Bumpy Economy Could Mean $2,400 Gold
With a presidential election and the looming fiscal cliff, as well as QE3, the dollar isn't exactly the safe currency it usually is when the world gets dicey, so it's a great time to buy some gold and silver, write Pamela and Mary Anne Aden of The Aden Forecast.
There are some telltale signs that the latest rise in gold could turn into a whopping surge.
Gold’s rise since the summer is now matching the similar time period in prior bulls when the surging rises really began. Therefore, use weakness to buy new positions, and keep the positions you have.
Gold rises strongly when real interest rates are negative—that is, when rates are lower than the rate of inflation. With a couple of exceptions, real interest rates have been negative since the early 2000s. And this has helped fuel a strong rise in gold since then.
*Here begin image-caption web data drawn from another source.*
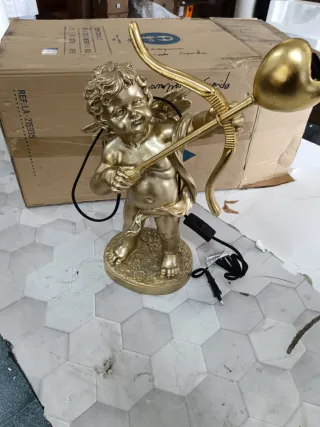 Lámpara Cupido Resina Dorada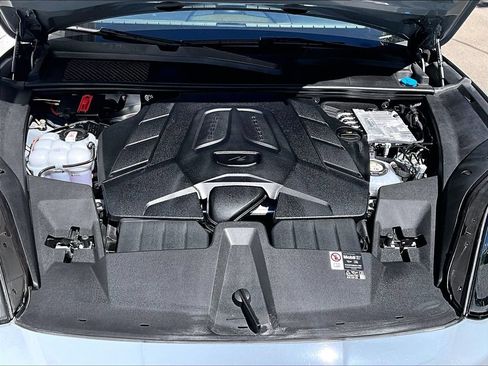 Certified 2025 Porsche Cayenne E-Hybrid Coupe AWD/4WD image 15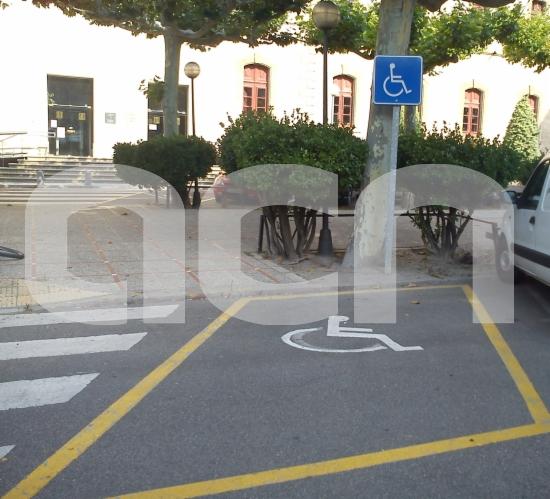 L’Ajuntament de Barcelona anul·la una multa d’una persona amb mobilitat reduïda aplicant el dret a l’error
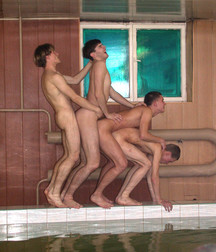 Cool Pool party 5a4d710f1a20c.jpg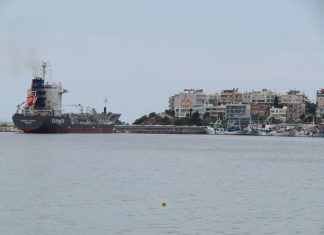 Ο λιμενοβραχίονας των «τσιμέντων»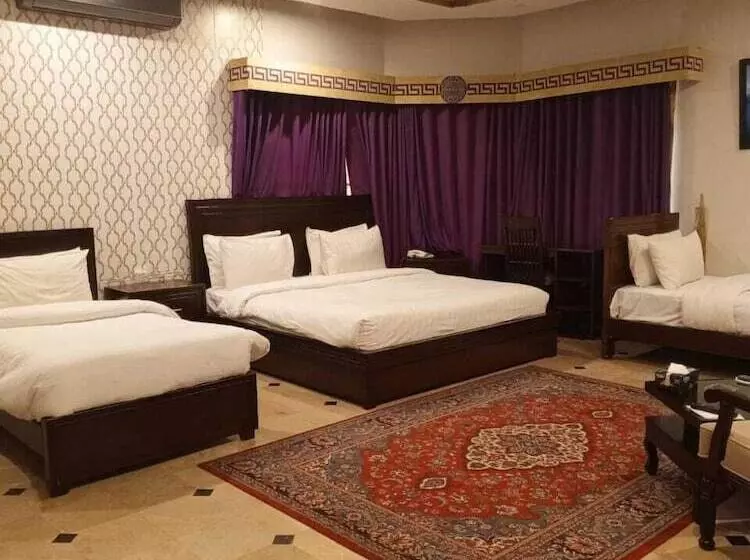 پانسیون Trail Residency Guest House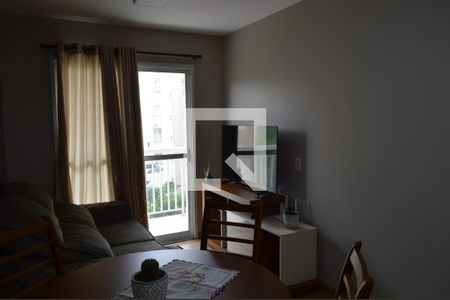 Sala  de apartamento para alugar com 2 quartos, 52m² em Jardim Colonial, São Paulo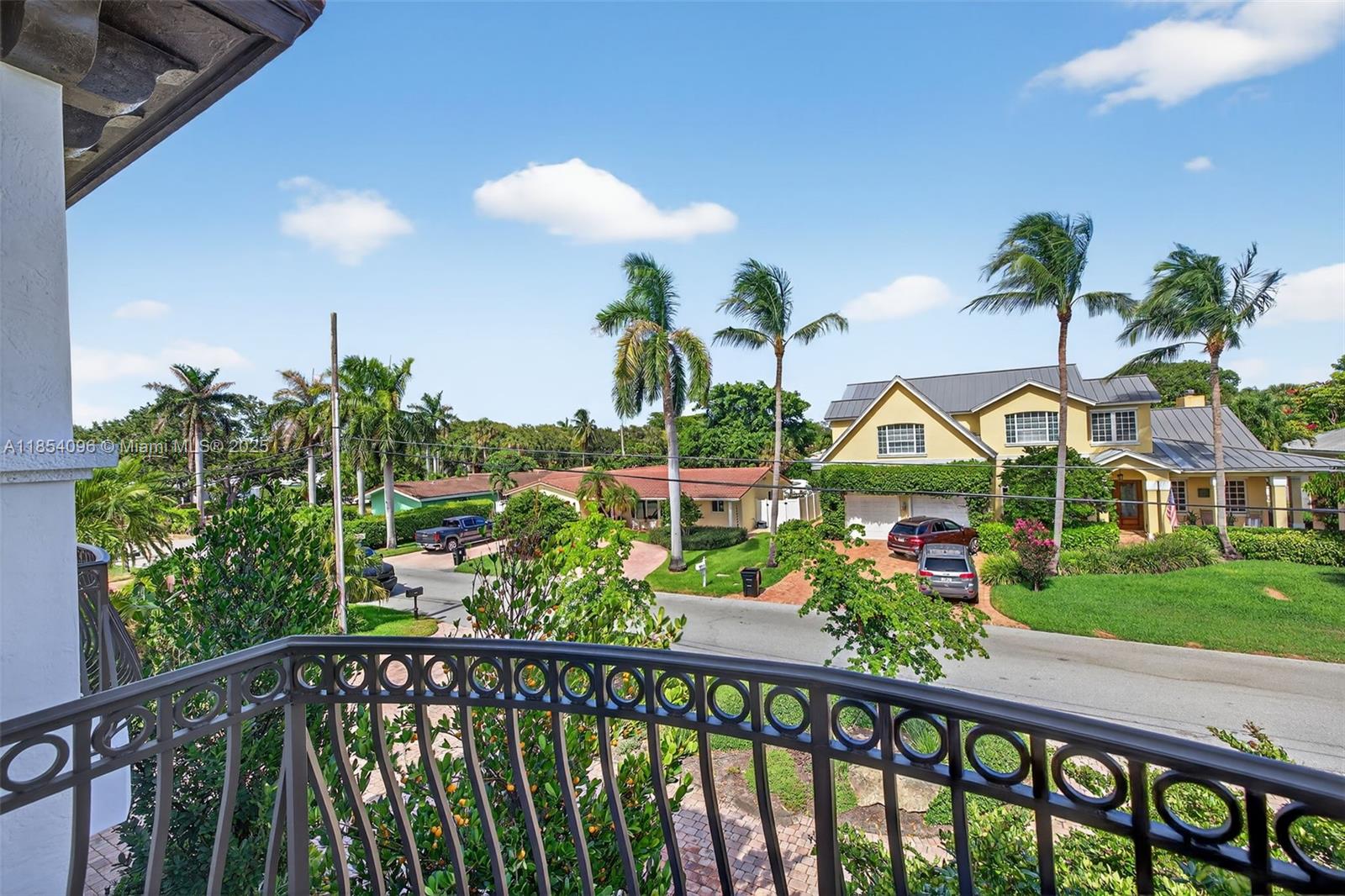 2649 NE 26th Ave Lighthouse Point, FL 33064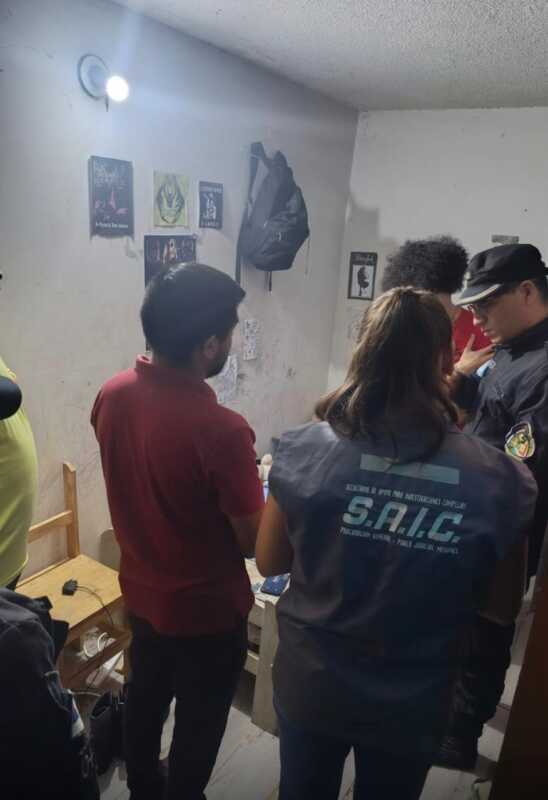 Amenazas en escuelas de Posadas: secuestran celulares y avanzan en la investigación IMG 7862.JPG - 1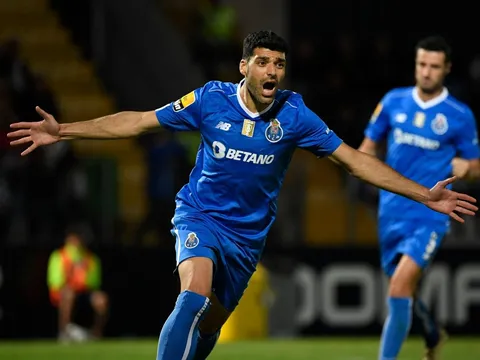Milan ra đề nghị cho mục tiêu Man United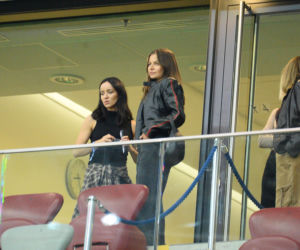 Anna Lewandowska z z teściową i jej partnerem na meczu Polska - Bośnia
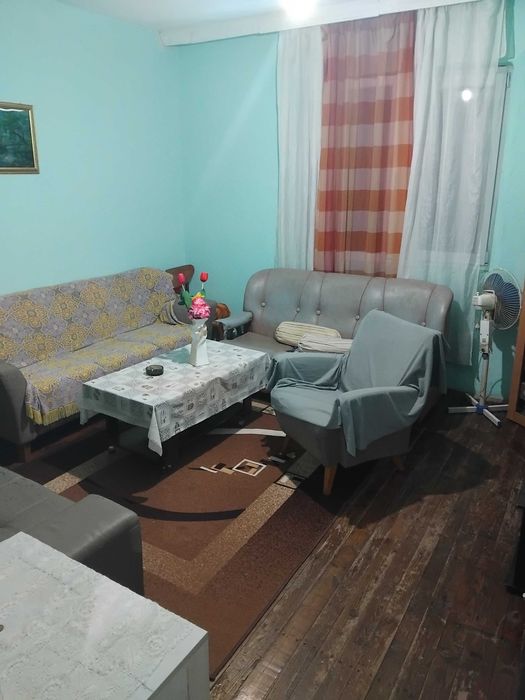 Продавам каща с.славяново obl.haskovo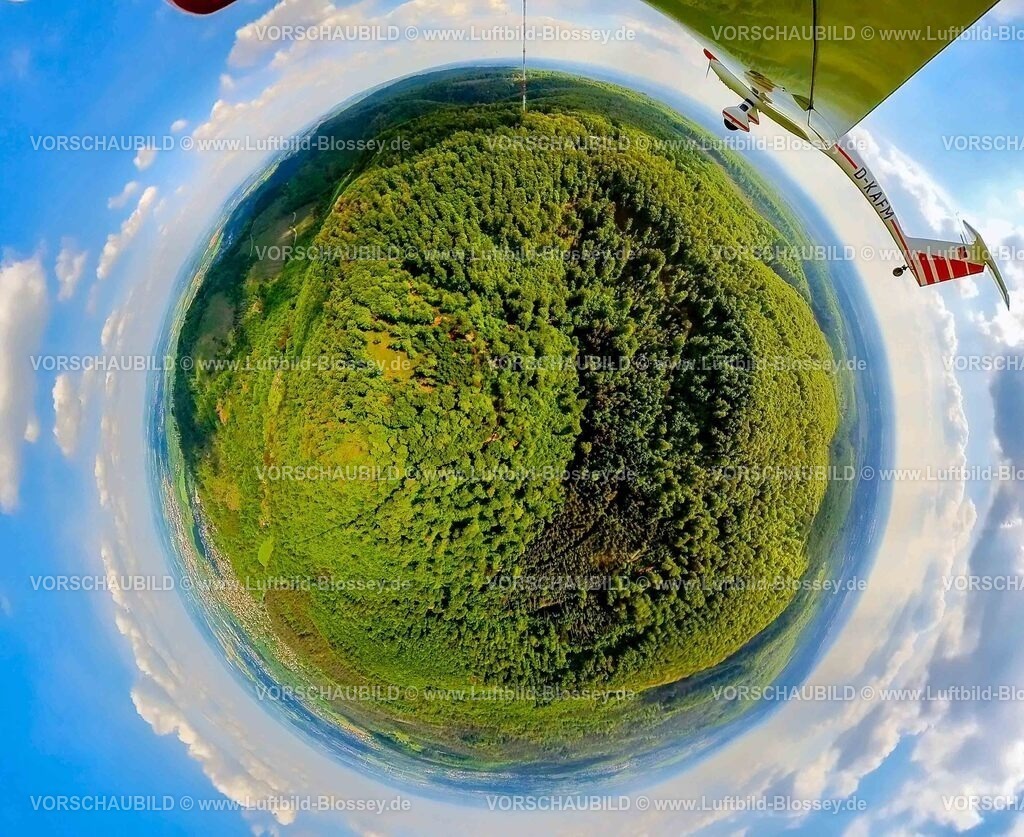 Detmold24059069Hermannsdenkmal | Luftbild, Waldgebiet und Funkmast WDR-Sender Teutoburger Wald, Erdkugel, Fisheye Aufnahme, Fischaugen Aufnahme, 360 Grad Aufnahme, tiny world, little planet, fisheye Bild, Hiddesen, Detmold, Ostwestfalen, Nordrhein-Westfalen, Deutschland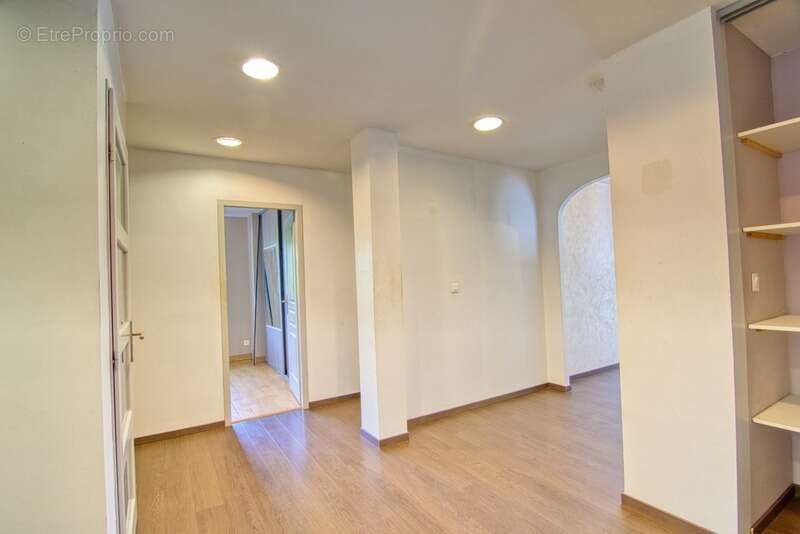 Doubs (25), à vendre Besançon, Les Montboucons, Maison 235 m2 ( T4 + T3 ) + terrain de 669 m2 - photo 12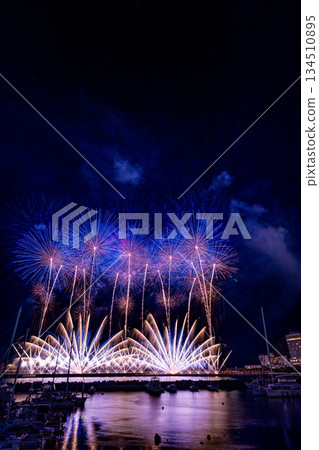 (Shizuoka Prefecture) Night view of Atami $ 1 million and sea fireworks (Shizuoka Prefecture) Night view of Atami $ 1 million and sea fireworks 134510895
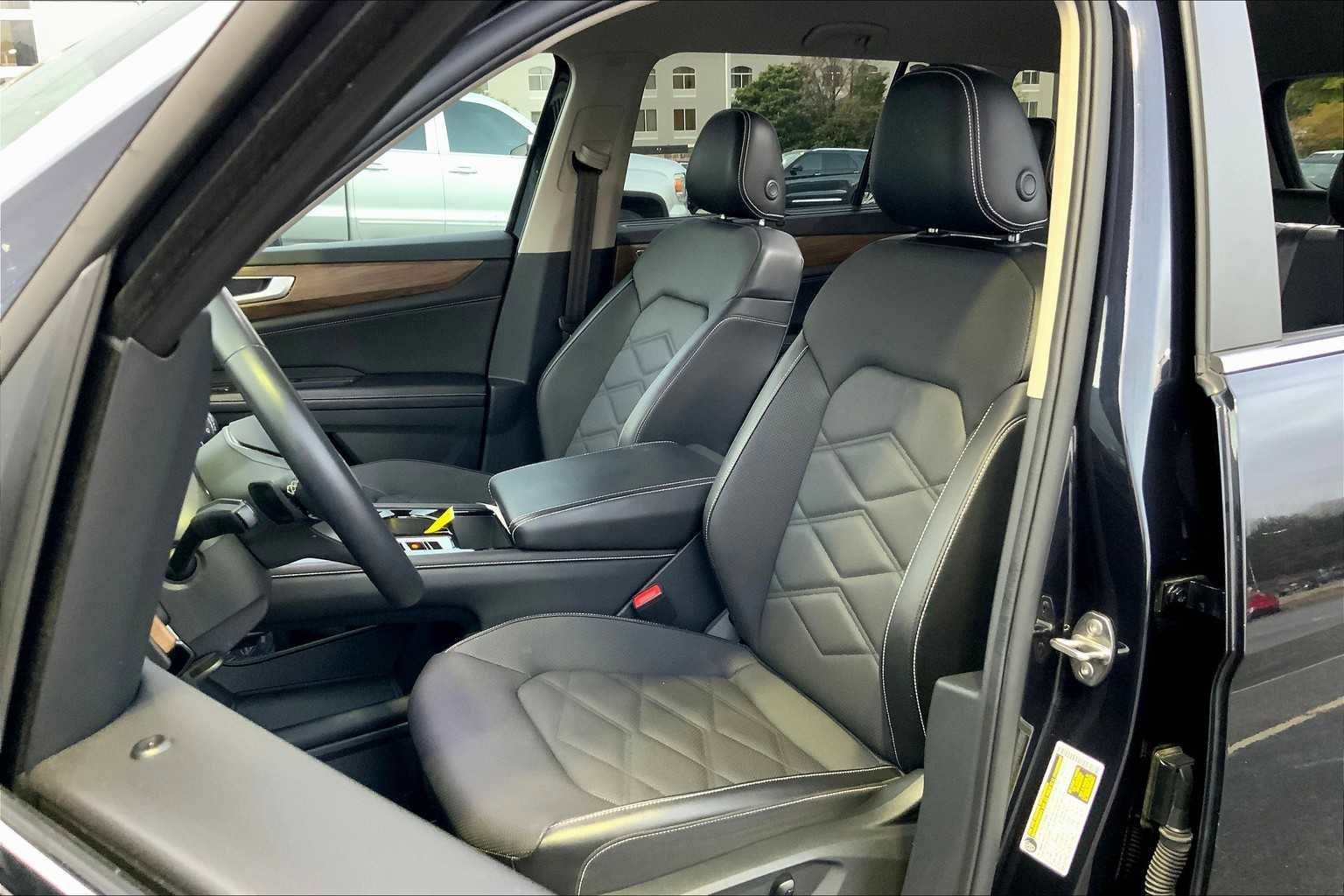 Used 2024 Volkswagen Atlas SE image 7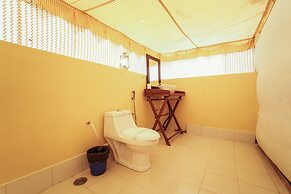 Rajwada Desert Camp by Park Tree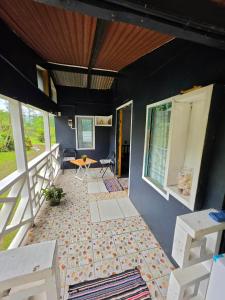 ein Wohnzimmer mit Tisch und Stühlen und einer blauen Wand in der Unterkunft Pula Re Accomodation in Savusavu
The Fed’s latest actions guarantee the conditions for gold will stay bullish in the years ahead. The Fed’s going to keep interest rates super low, and inflation will pick up. It’s already happening. And this alone will keep real interest rates negative, making gold more attractive than anything we’ve seen so far.
For now, our strategy is essentially the same. Keep the positions you have...and continue buying gold.
Gold and silver are up nicely since the summer lows. Silver and gold shares are up well over 30%. Gold is up about 16%, nearing the $1,800 level, while hitting another record high in euro terms in recent weeks.
When you consider that the current bull market has risen 660% compared to the 1970s bull of 2,300%, you could see what we mean.